◆ Aim of the task
Wherever "show" appears in a line of the listing, report that line.

◆ Provided records
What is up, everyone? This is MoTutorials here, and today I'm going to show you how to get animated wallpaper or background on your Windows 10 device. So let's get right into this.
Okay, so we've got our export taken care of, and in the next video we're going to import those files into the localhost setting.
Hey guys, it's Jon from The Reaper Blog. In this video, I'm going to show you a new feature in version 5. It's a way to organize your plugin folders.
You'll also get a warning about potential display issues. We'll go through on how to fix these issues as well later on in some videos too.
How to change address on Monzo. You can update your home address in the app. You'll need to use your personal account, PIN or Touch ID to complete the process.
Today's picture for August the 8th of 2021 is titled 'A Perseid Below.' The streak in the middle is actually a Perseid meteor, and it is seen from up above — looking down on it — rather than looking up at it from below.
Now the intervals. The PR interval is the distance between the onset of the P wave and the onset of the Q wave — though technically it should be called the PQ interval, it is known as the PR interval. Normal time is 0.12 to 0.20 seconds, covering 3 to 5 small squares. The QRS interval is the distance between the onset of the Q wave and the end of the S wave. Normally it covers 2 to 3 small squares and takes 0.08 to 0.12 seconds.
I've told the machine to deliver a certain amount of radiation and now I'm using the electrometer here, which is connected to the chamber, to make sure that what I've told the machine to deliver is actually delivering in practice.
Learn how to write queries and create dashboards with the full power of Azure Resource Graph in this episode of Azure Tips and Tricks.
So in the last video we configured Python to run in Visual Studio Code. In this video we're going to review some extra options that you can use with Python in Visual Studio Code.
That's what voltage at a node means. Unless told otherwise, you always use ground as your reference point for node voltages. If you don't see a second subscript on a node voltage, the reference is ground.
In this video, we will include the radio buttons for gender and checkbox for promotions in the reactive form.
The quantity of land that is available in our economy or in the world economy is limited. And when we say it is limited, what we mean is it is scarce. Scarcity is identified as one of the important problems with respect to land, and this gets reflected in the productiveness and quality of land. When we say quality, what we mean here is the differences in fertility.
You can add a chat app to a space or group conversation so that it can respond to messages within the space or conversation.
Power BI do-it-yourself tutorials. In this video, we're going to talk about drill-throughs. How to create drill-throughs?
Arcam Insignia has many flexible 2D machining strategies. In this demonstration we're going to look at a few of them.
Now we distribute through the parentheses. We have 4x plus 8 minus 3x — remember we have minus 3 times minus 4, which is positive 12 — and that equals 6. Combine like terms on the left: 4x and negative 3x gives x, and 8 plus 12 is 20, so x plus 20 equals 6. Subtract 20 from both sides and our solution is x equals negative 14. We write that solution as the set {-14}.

◆ Expected answer
What is up, everyone? This is MoTutorials here, and today I'm going to show you how to get animated wallpaper or background on your Windows 10 device. So let's get right into this.
Hey guys, it's Jon from The Reaper Blog. In this video, I'm going to show you a new feature in version 5. It's a way to organize your plugin folders.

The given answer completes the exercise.